(Image-text web data)
------------------------
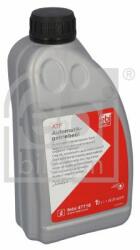 Febi Bilstein Olaj, automata sebességváltó FEBI BILSTEIN 47716 (47716)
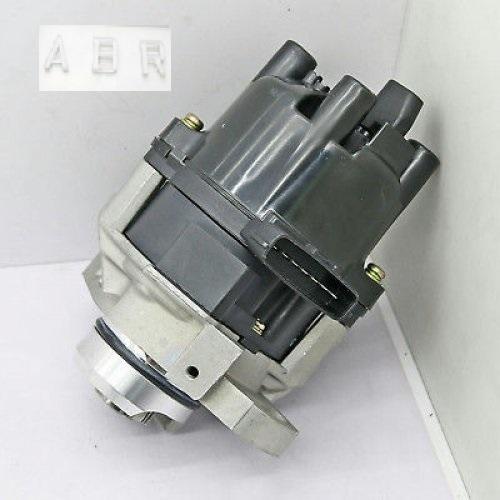 New Electronic Ignition Distributor For Mitsubishi Mirage CE 96-02 1.5L 4G15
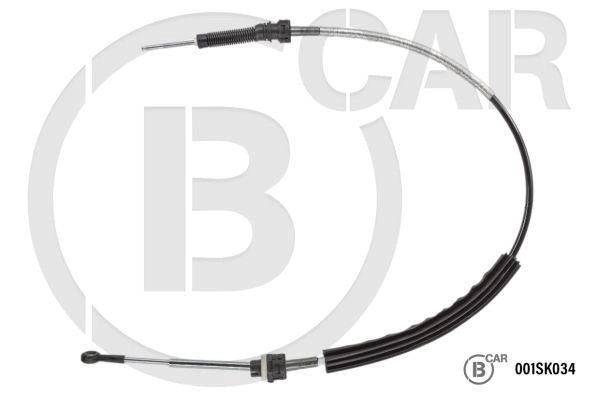 001SK034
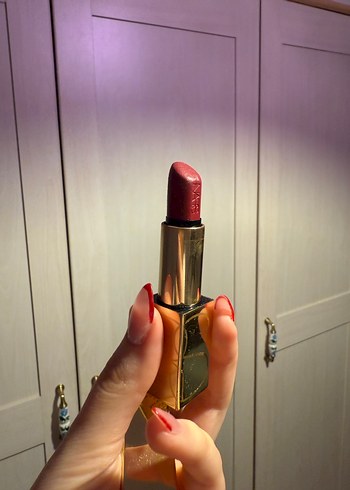 Nars VIP Ruj - Görsel 2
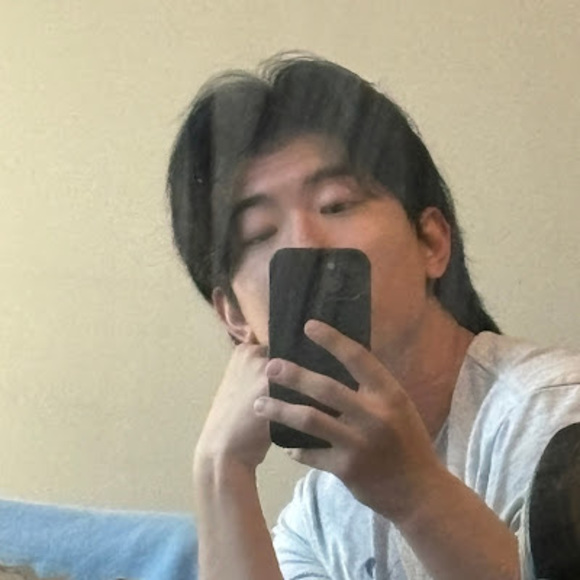 Meet your Posher, Tommy - Picture 1 of 1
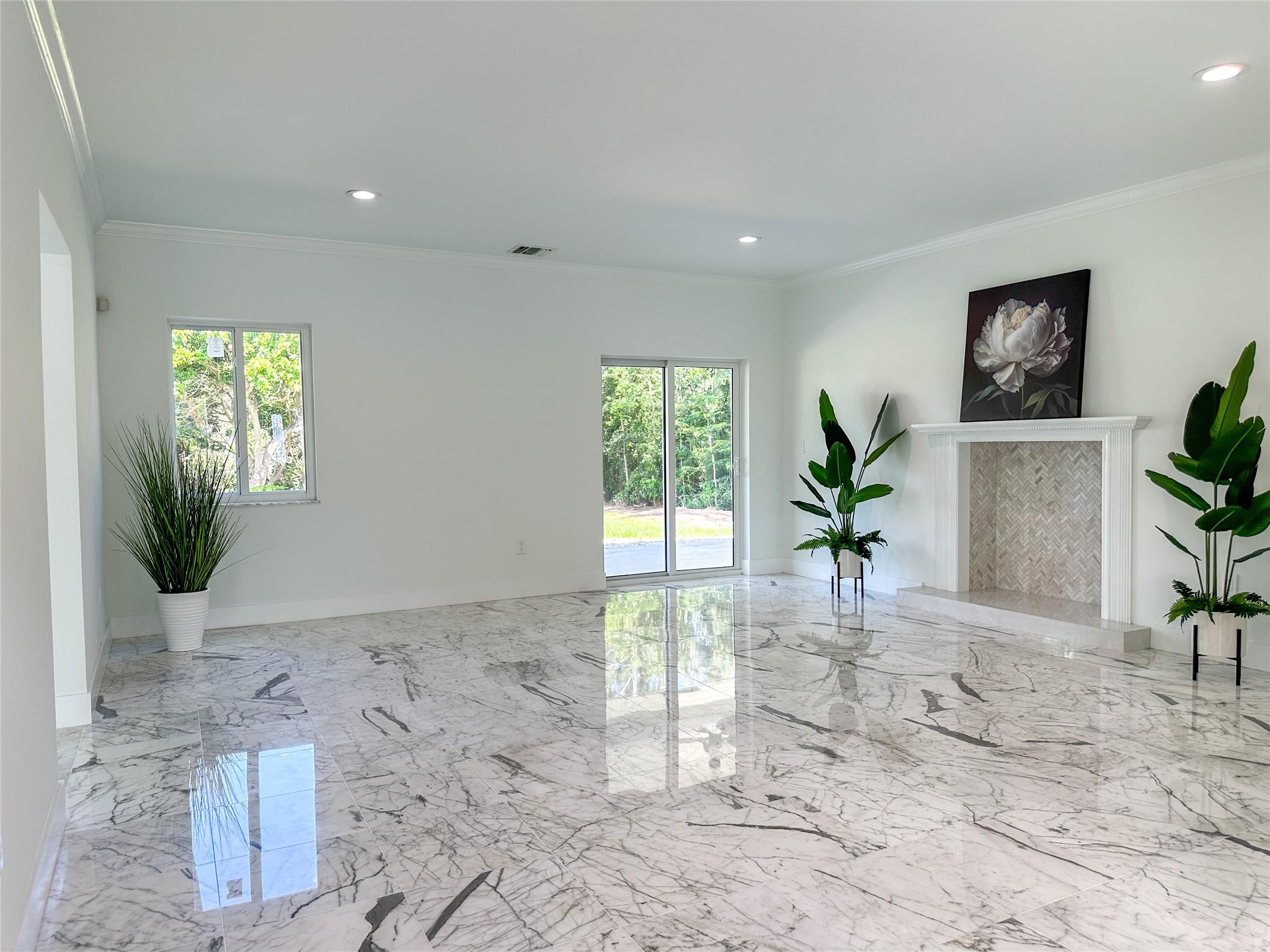 5941 Southwest 198th Terrace Southwest Ranches, FL 33332 - Photo 16 of 41 Photo 16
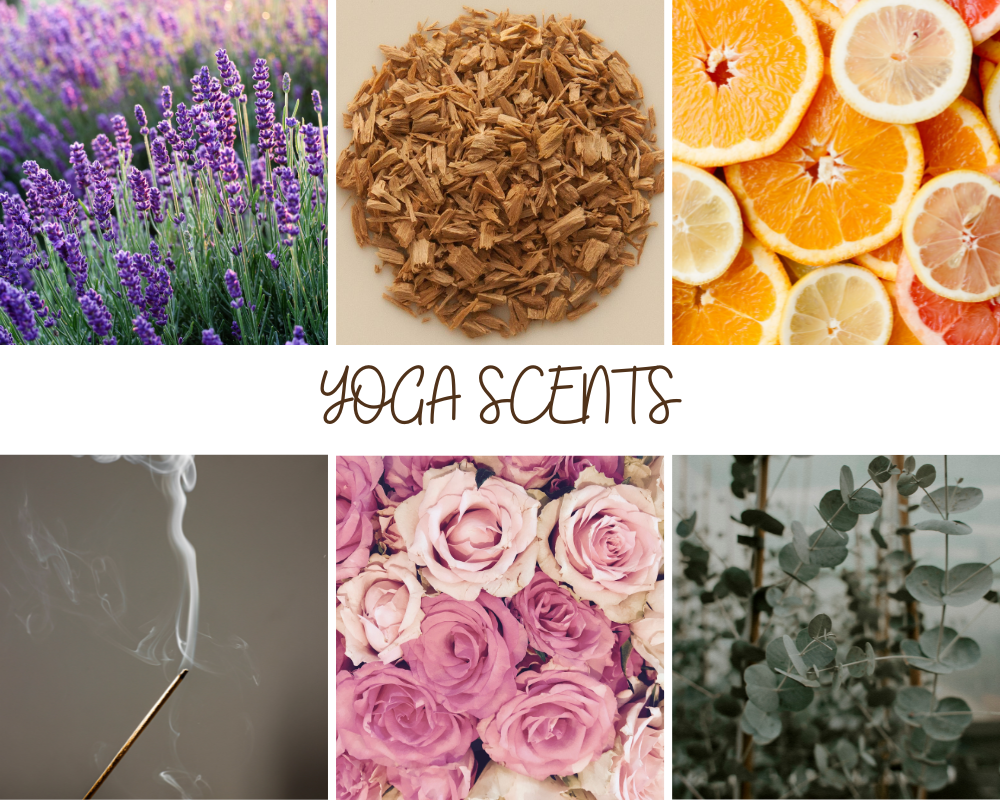 5 Best Perfumes To Wear During a Yoga Session For Deep Meditation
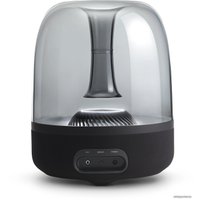 Патибокс Harman/Kardon Aura Studio 2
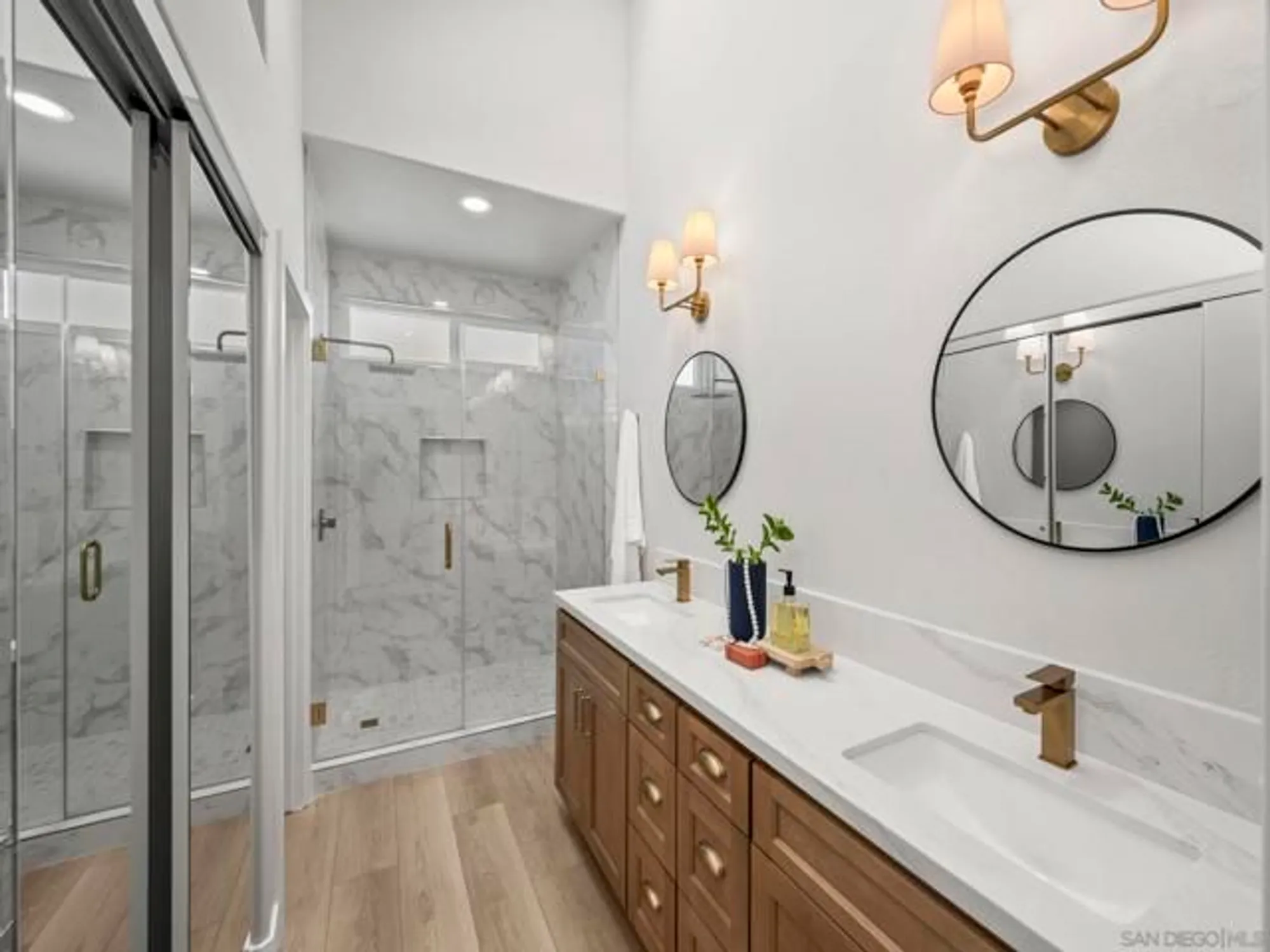 Property Slideshow image 19 of 48 | 4767 miletus way, Oceanside, CA, 92056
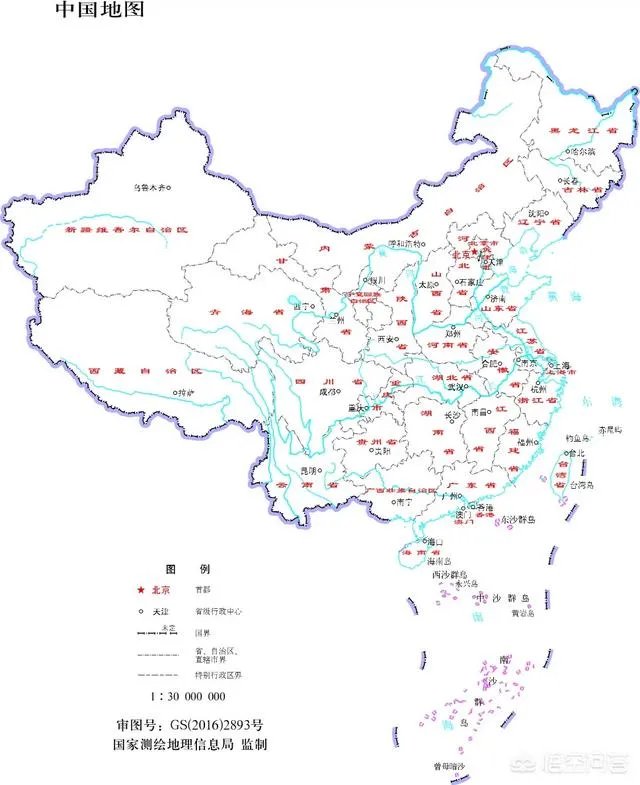 河北暴雨最新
------------------------
- **WORK INSTRUCTION**: When pictures appear among the entries, skip them and copy all remaining text precisely.

- **SOLUTION**:
 Febi Bilstein Olaj, automata sebességváltó FEBI BILSTEIN 47716 (47716)
 New Electronic Ignition Distributor For Mitsubishi Mirage CE 96-02 1.5L 4G15
 001SK034
 Nars VIP Ruj - Görsel 2
 Meet your Posher, Tommy - Picture 1 of 1
 5941 Southwest 198th Terrace Southwest Ranches, FL 33332 - Photo 16 of 41 Photo 16
 5 Best Perfumes To Wear During a Yoga Session For Deep Meditation
 Патибокс Harman/Kardon Aura Studio 2
 Property Slideshow image 19 of 48 | 4767 miletus way, Oceanside, CA, 92056
 河北暴雨最新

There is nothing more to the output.